# Lecture 4: Simulation
## ECON5170 Computational Methods in Economics
#### Author: Zhentao Shi
#### Date: July 2019

# Simulation

Probability theory has an infamous inception for its association with gambling.
Monte Carlo, the European casino capital, is another unfortunate presence.
However, naming it Macau simulation or Hong Kong Jockey Club simulation does not make me feel any better.
I decide to simply call it "simulation".

Simulation has been widely used for (i) checking finite-sample performance of asymptotic theory; (ii) bootstrap, an automated inference procedure;
(iii) generating non-standard distributions; (iv) approximating integrals with no analytic expressions. In this lecture, we will focus on (i) and (ii), whereas (iii) and (iv)
will be deferred to the next lecture on integration.

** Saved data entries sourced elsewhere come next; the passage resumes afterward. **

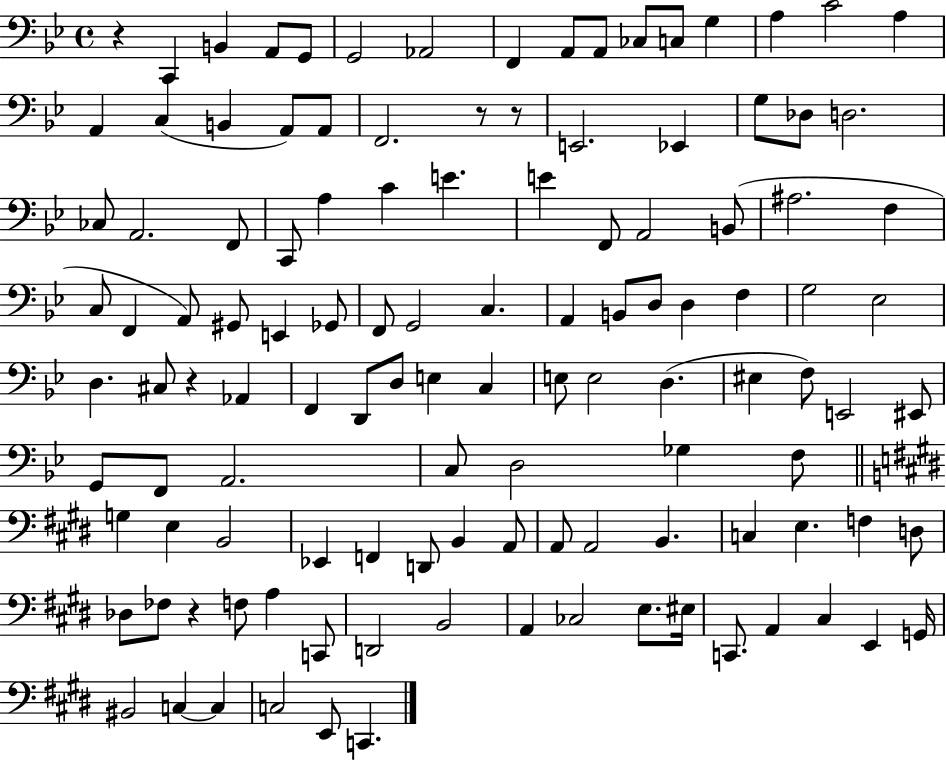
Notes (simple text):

R/q C2/q B2/q A2/e G2/e G2/h Ab2/h F2/q A2/e A2/e CES3/e C3/e G3/q A3/q C4/h A3/q A2/q C3/q B2/q A2/e A2/e F2/h. R/e R/e E2/h. Eb2/q G3/e Db3/e D3/h. CES3/e A2/h. F2/e C2/e A3/q C4/q E4/q. E4/q F2/e A2/h B2/e A#3/h. F3/q C3/e F2/q A2/e G#2/e E2/q Gb2/e F2/e G2/h C3/q. A2/q B2/e D3/e D3/q F3/q G3/h Eb3/h D3/q. C#3/e R/q Ab2/q F2/q D2/e D3/e E3/q C3/q E3/e E3/h D3/q. EIS3/q F3/e E2/h EIS2/e G2/e F2/e A2/h. C3/e D3/h Gb3/q F3/e G3/q E3/q B2/h Eb2/q F2/q D2/e B2/q A2/e A2/e A2/h B2/q. C3/q E3/q. F3/q D3/e Db3/e FES3/e R/q F3/e A3/q C2/e D2/h B2/h A2/q CES3/h E3/e. EIS3/s C2/e. A2/q C#3/q E2/q G2/s BIS2/h C3/q C3/q C3/h E2/e C2/q. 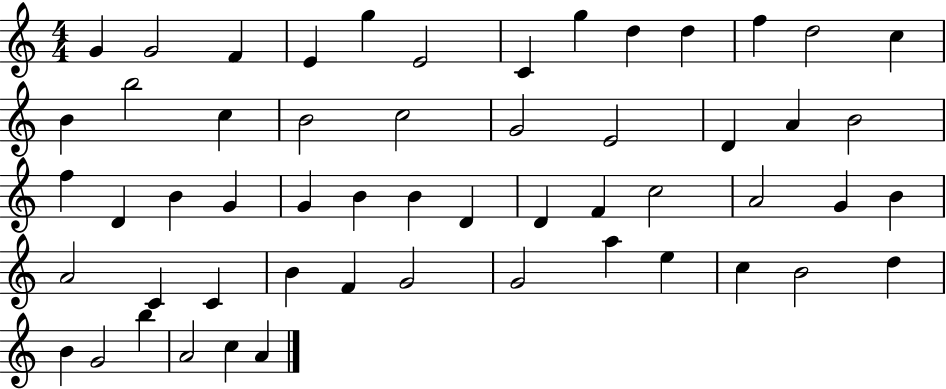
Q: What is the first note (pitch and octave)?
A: G4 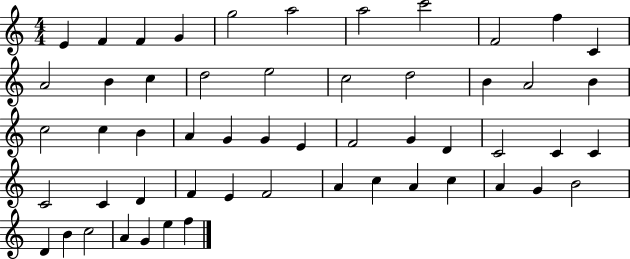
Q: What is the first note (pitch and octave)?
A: E4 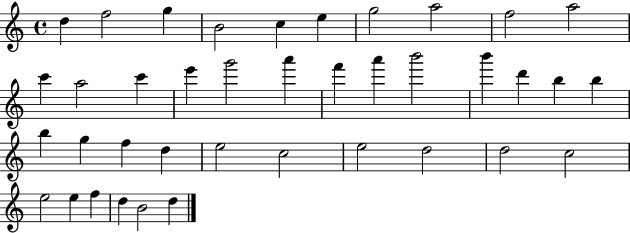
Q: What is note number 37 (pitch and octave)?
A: D5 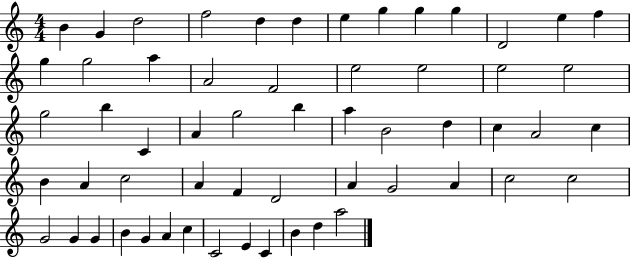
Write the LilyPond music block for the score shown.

{
  \clef treble
  \numericTimeSignature
  \time 4/4
  \key c \major
  b'4 g'4 d''2 | f''2 d''4 d''4 | e''4 g''4 g''4 g''4 | d'2 e''4 f''4 | \break g''4 g''2 a''4 | a'2 f'2 | e''2 e''2 | e''2 e''2 | \break g''2 b''4 c'4 | a'4 g''2 b''4 | a''4 b'2 d''4 | c''4 a'2 c''4 | \break b'4 a'4 c''2 | a'4 f'4 d'2 | a'4 g'2 a'4 | c''2 c''2 | \break g'2 g'4 g'4 | b'4 g'4 a'4 c''4 | c'2 e'4 c'4 | b'4 d''4 a''2 | \break \bar "|."
} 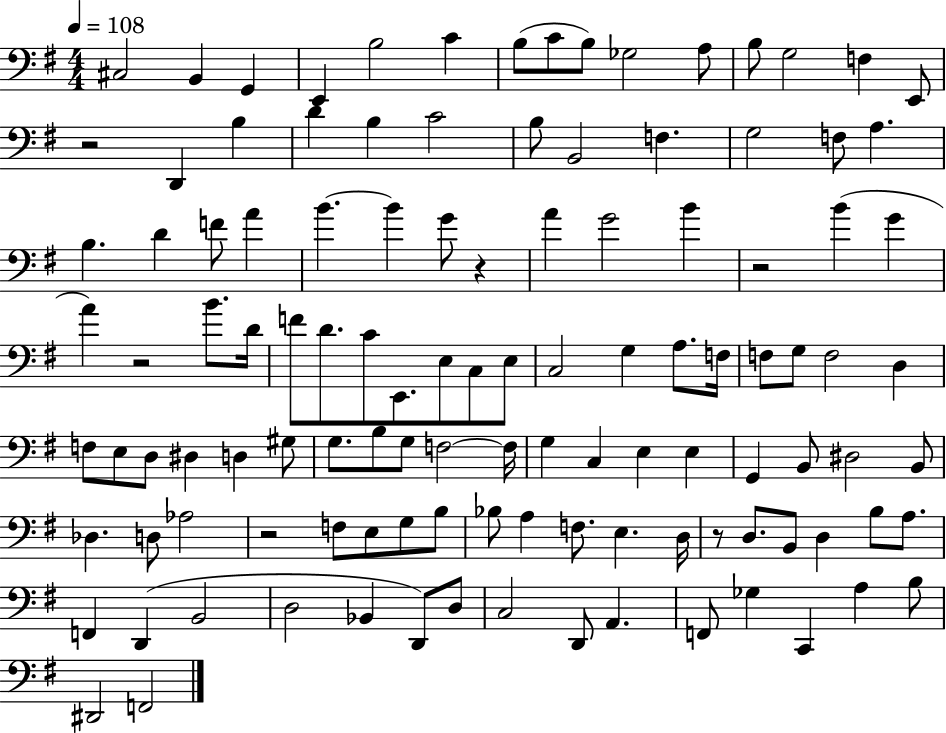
C#3/h B2/q G2/q E2/q B3/h C4/q B3/e C4/e B3/e Gb3/h A3/e B3/e G3/h F3/q E2/e R/h D2/q B3/q D4/q B3/q C4/h B3/e B2/h F3/q. G3/h F3/e A3/q. B3/q. D4/q F4/e A4/q B4/q. B4/q G4/e R/q A4/q G4/h B4/q R/h B4/q G4/q A4/q R/h B4/e. D4/s F4/e D4/e. C4/e E2/e. E3/e C3/e E3/e C3/h G3/q A3/e. F3/s F3/e G3/e F3/h D3/q F3/e E3/e D3/e D#3/q D3/q G#3/e G3/e. B3/e G3/e F3/h F3/s G3/q C3/q E3/q E3/q G2/q B2/e D#3/h B2/e Db3/q. D3/e Ab3/h R/h F3/e E3/e G3/e B3/e Bb3/e A3/q F3/e. E3/q. D3/s R/e D3/e. B2/e D3/q B3/e A3/e. F2/q D2/q B2/h D3/h Bb2/q D2/e D3/e C3/h D2/e A2/q. F2/e Gb3/q C2/q A3/q B3/e D#2/h F2/h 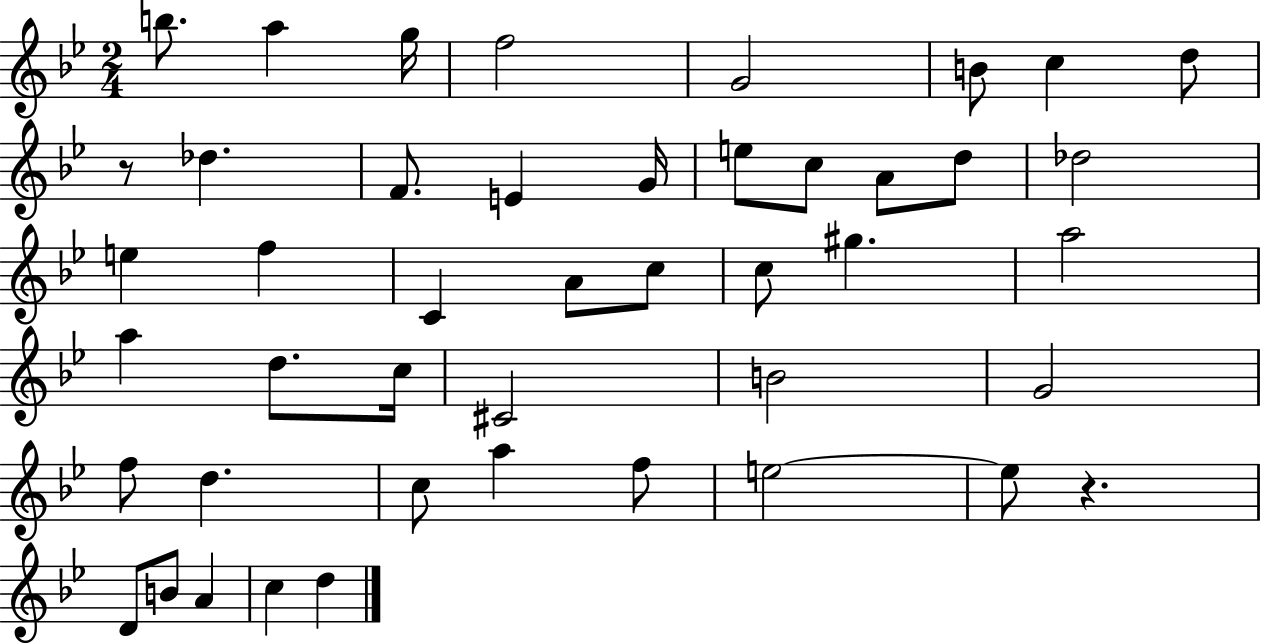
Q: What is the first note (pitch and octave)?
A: B5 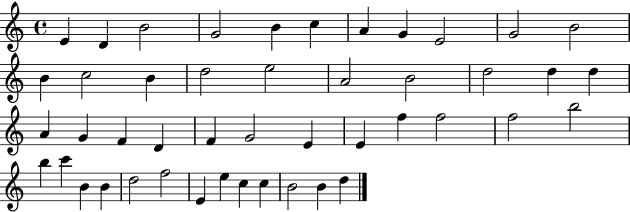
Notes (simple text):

E4/q D4/q B4/h G4/h B4/q C5/q A4/q G4/q E4/h G4/h B4/h B4/q C5/h B4/q D5/h E5/h A4/h B4/h D5/h D5/q D5/q A4/q G4/q F4/q D4/q F4/q G4/h E4/q E4/q F5/q F5/h F5/h B5/h B5/q C6/q B4/q B4/q D5/h F5/h E4/q E5/q C5/q C5/q B4/h B4/q D5/q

From now on, we will start to write script. A script is a piece of code for a particular
purpose. We do not write a script of thousands of lines from the beginning
to the end; we develop it recursively. We cut a big job into small manageable tasks.
Write a small piece, test it, and perhaps encapsulate it into a user-defined function.
Small pieces are integrated by the super structure. This is just like building an Airbus 380.
The engines and wings are made in UK, the fuselage is made in Germany and so on.
All pieces are assembled in Toulouse, France, and then the giant steel bird can fly.
Finally, add comments to the script to facilitate
readability. Without comments you will forget
what you did when you open the script again one month later.




**Example**

Zu Chongzhi (429--500 AD), an ancient Chinese mathematician, calculated $\pi$ being between 3.1415926 and 3.1415927, which
for 900 years held the world record of the most accurate $\pi$.
He used a deterministic approximation algorithm.
Now imagine that we present to Zu Chongzhi, with full respect and admiration, a modern PC. How can he achieve a better approximation? Of course, we suppose that he would not google it.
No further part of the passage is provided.